YOUR OBJECTIVE: Set down again exactly the lines of the listing below that fall between the line holding "Gallery image thumbnail" and the line holding "Zagreb, Heinzelova, VMD", inclusive.

INPUT MATERIAL:
══════════
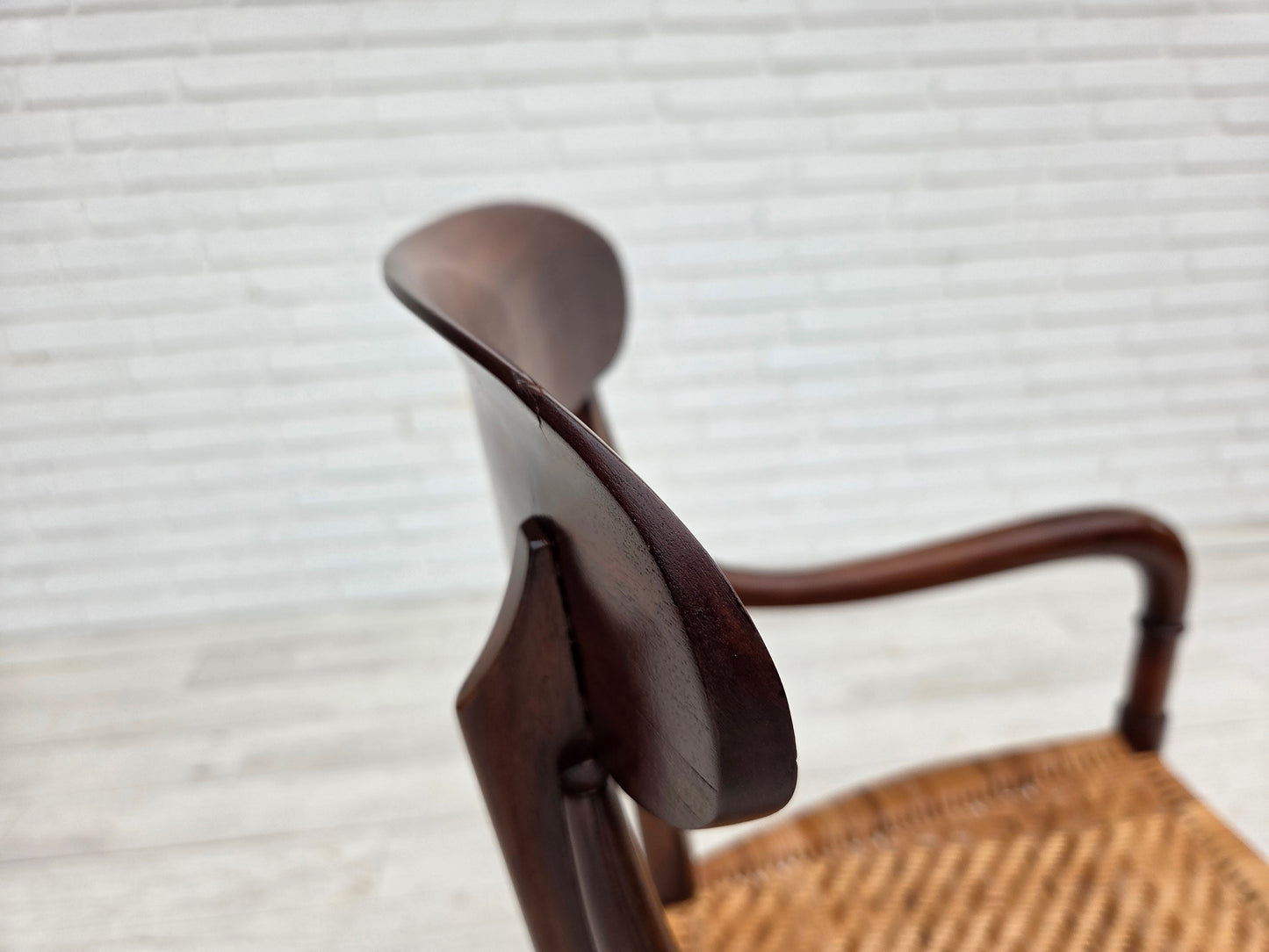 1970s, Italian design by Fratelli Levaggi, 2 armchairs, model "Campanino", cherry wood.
══════════
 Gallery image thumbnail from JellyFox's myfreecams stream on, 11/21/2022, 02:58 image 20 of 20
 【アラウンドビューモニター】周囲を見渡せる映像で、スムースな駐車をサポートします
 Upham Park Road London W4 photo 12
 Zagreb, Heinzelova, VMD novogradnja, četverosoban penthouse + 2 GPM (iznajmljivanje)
══════════
RESPONSE:
 Gallery image thumbnail from JellyFox's myfreecams stream on, 11/21/2022, 02:58 image 20 of 20
 【アラウンドビューモニター】周囲を見渡せる映像で、スムースな駐車をサポートします
 Upham Park Road London W4 photo 12
 Zagreb, Heinzelova, VMD novogradnja, četverosoban penthouse + 2 GPM (iznajmljivanje)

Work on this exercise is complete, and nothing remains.